** Exercise details **
Leaving the images aside, transcribe all the data below exactly.

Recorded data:
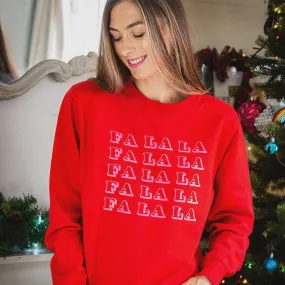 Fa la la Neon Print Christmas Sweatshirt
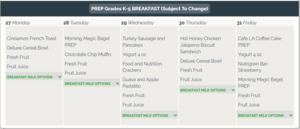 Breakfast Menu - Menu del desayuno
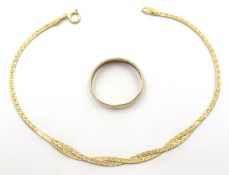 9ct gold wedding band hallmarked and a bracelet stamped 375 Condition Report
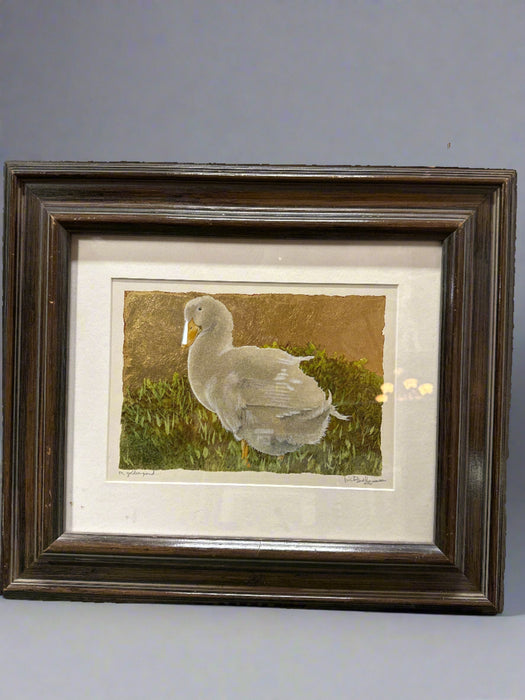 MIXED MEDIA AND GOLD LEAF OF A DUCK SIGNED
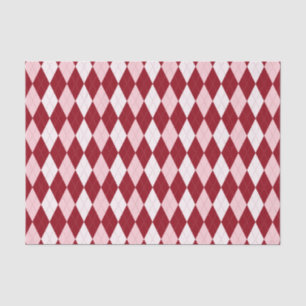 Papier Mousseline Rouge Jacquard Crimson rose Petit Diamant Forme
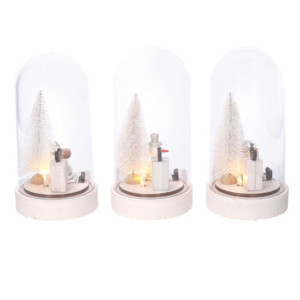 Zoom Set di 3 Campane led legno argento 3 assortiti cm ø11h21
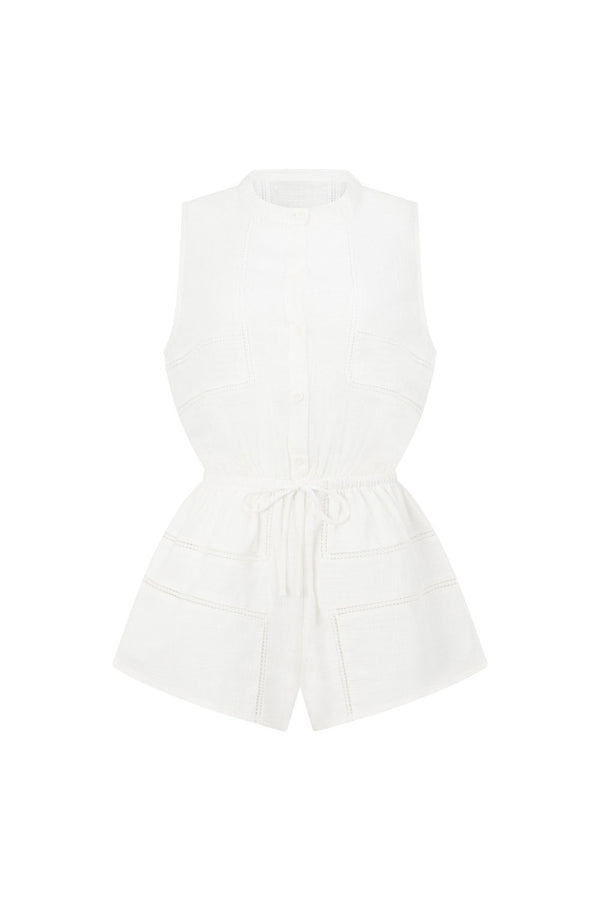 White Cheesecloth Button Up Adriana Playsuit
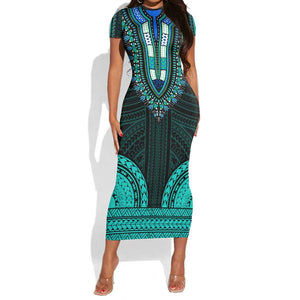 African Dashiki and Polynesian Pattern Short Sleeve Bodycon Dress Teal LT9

** Response area **
 Fa la la Neon Print Christmas Sweatshirt
 Breakfast Menu - Menu del desayuno
 9ct gold wedding band hallmarked and a bracelet stamped 375 Condition Report
 MIXED MEDIA AND GOLD LEAF OF A DUCK SIGNED
 Papier Mousseline Rouge Jacquard Crimson rose Petit Diamant Forme
 Zoom Set di 3 Campane led legno argento 3 assortiti cm ø11h21
 White Cheesecloth Button Up Adriana Playsuit
 African Dashiki and Polynesian Pattern Short Sleeve Bodycon Dress Teal LT9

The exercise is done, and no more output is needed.